(Image-caption web data)
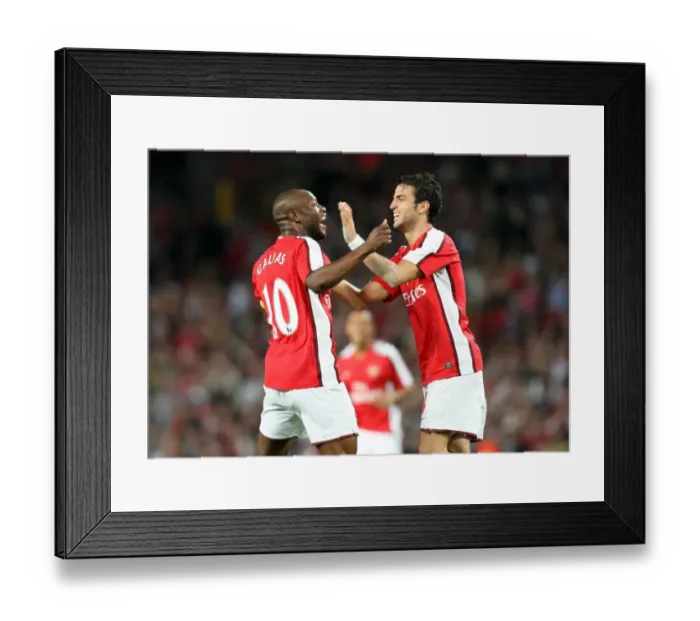 Framed Print : Arsenal's Gallas and Fabregas Celebrate Double Strike against FC Twente in Champions League Framed Print : Arsenal's Gallas and Fabregas Celebrate Double Strike against FC Twente in Champions League
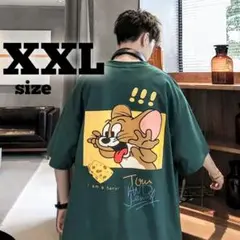 半袖 tシャツ グリーン ビックシルエット アメコミ グラフィック XXL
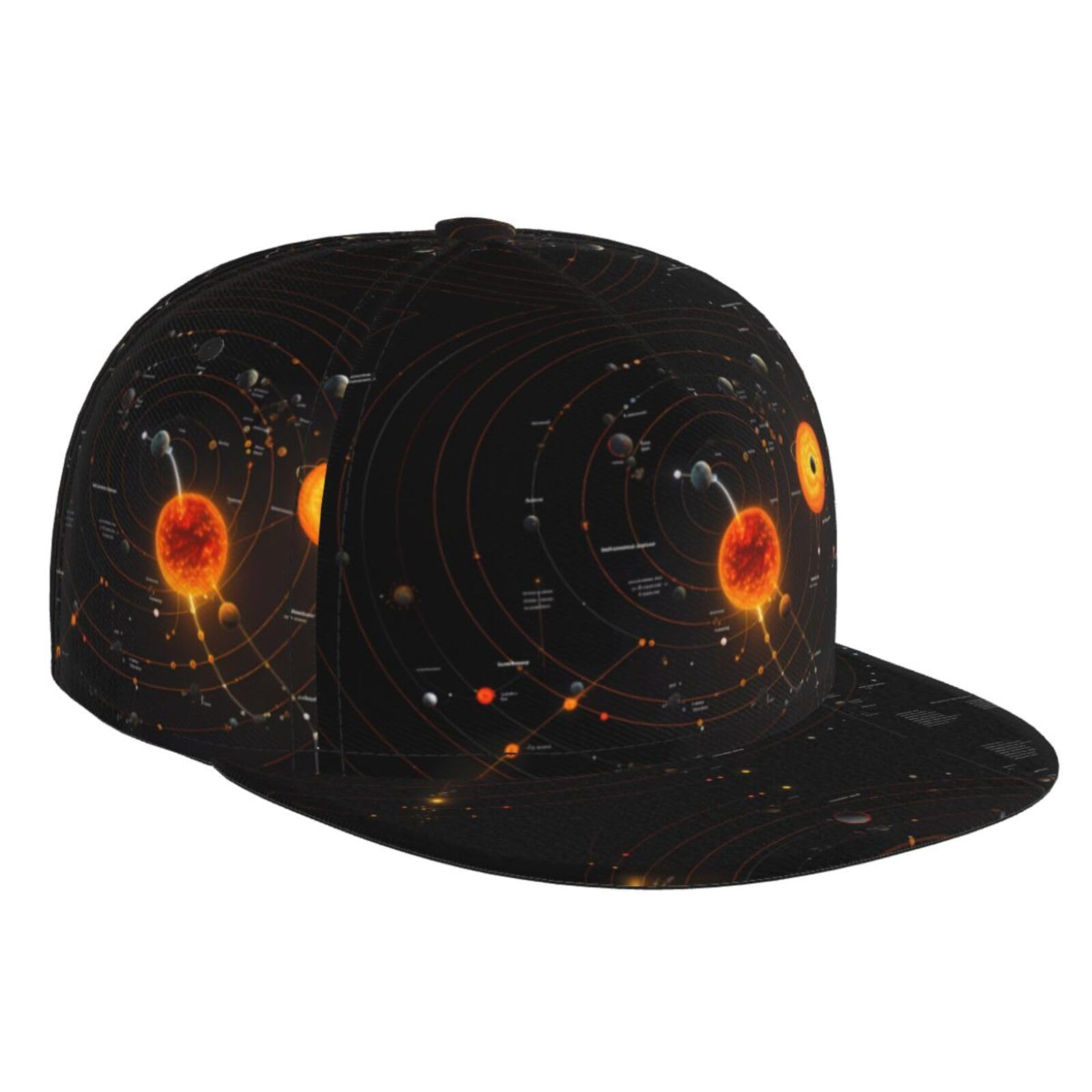 Wzywhj Unisex Black Stylish Flat-Brim Baseball Cap Solar System Pattern Moisture-Wicking And Breathable Suitable For Daily Use Sports And Travel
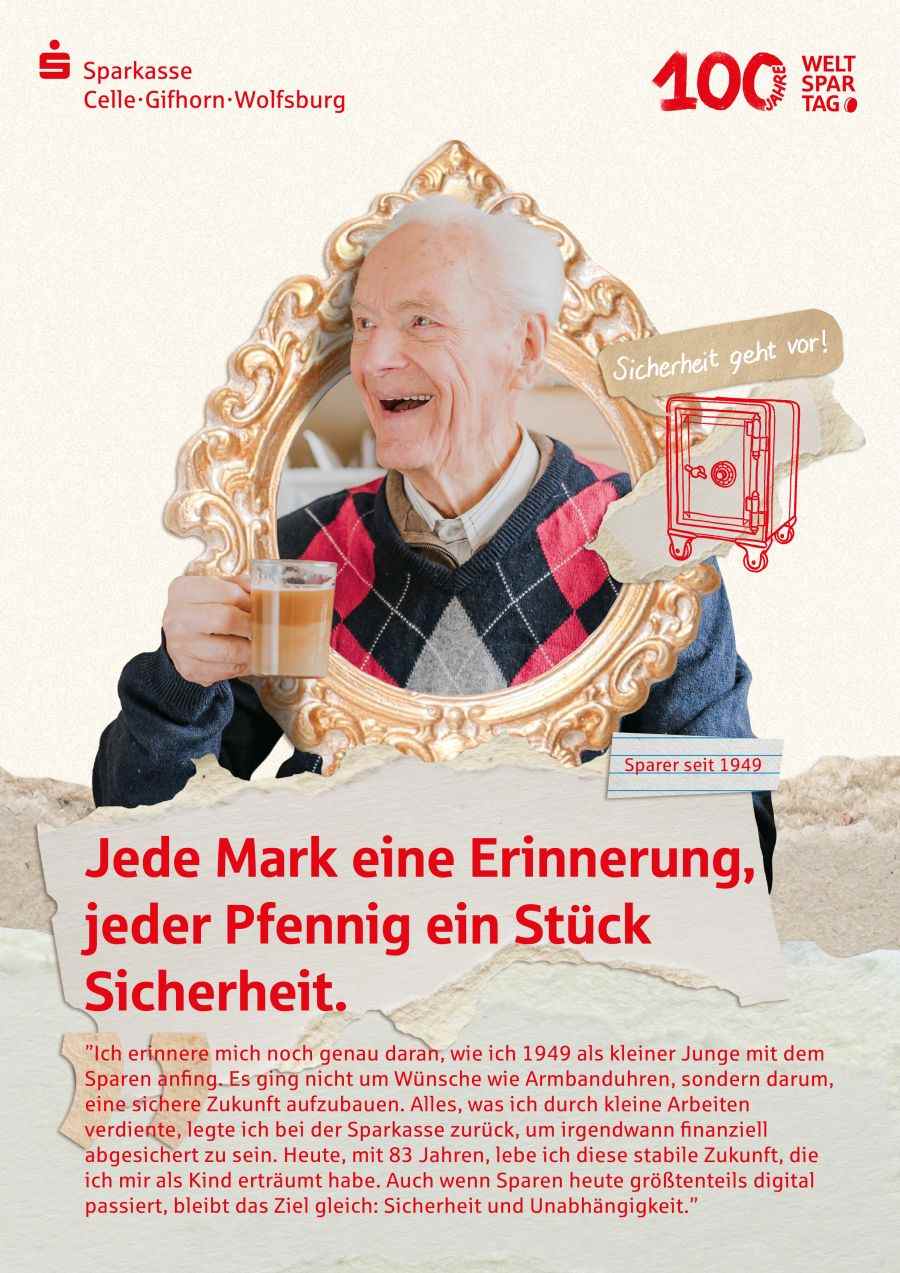 Poster mit Eindrücken zum Thema sparen. Quelle: Sparkasse Celle-Gifhorn-Wolfsburg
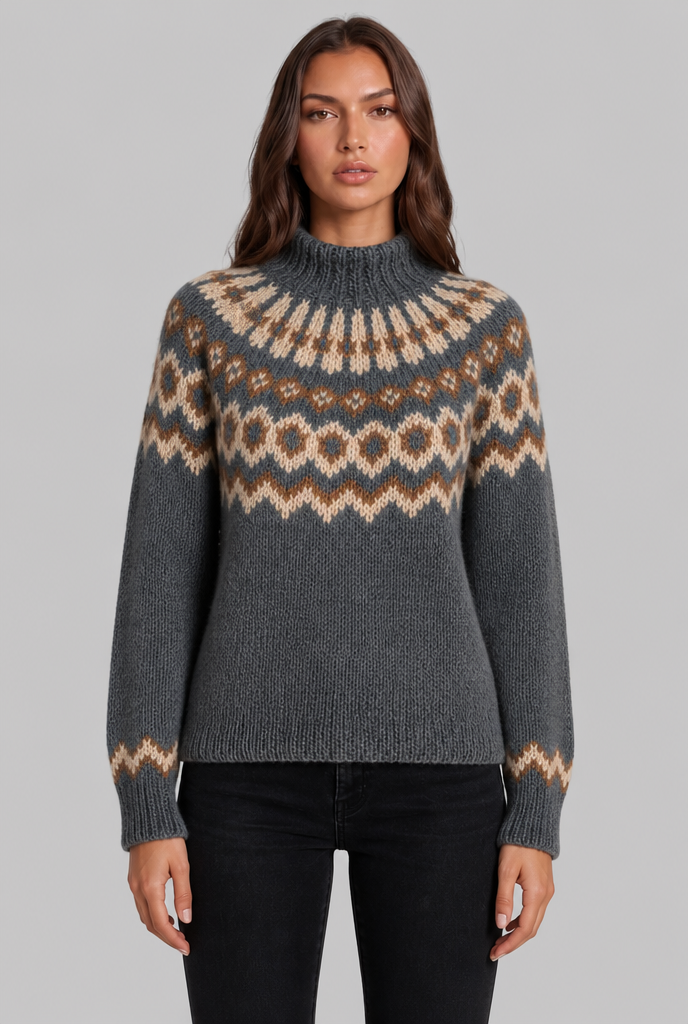 Chunky Fair Isle Sweater with High Neck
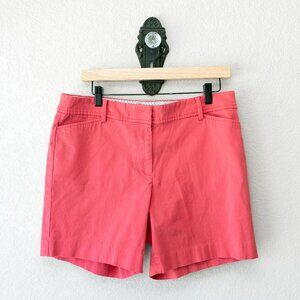 Talbots Perfect Shorts Size 12 Coral Pink Cotton Stretch Mid Rise Summer Casual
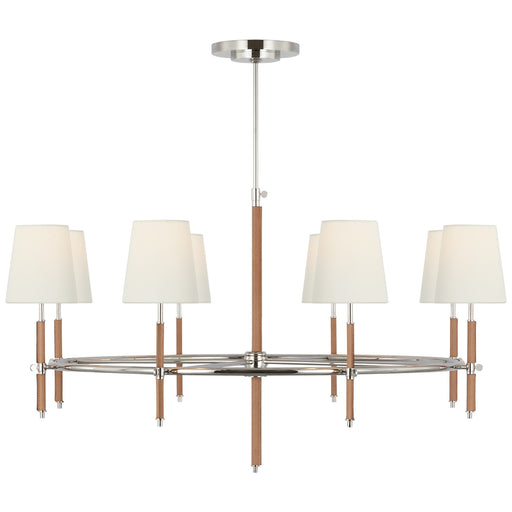 Bryant Wrapped LED Chandelier Polished Nickel and Natural Leather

• **Task objective**:
Pictures aren't part of the copy; return each record above exactly.

• **Written response**:
 Framed Print : Arsenal's Gallas and Fabregas Celebrate Double Strike against FC Twente in Champions League Framed Print : Arsenal's Gallas and Fabregas Celebrate Double Strike against FC Twente in Champions League
 半袖 tシャツ グリーン ビックシルエット アメコミ グラフィック XXL
 Wzywhj Unisex Black Stylish Flat-Brim Baseball Cap Solar System Pattern Moisture-Wicking And Breathable Suitable For Daily Use Sports And Travel
 Poster mit Eindrücken zum Thema sparen. Quelle: Sparkasse Celle-Gifhorn-Wolfsburg
 Chunky Fair Isle Sweater with High Neck
 Talbots Perfect Shorts Size 12 Coral Pink Cotton Stretch Mid Rise Summer Casual
 Bryant Wrapped LED Chandelier Polished Nickel and Natural Leather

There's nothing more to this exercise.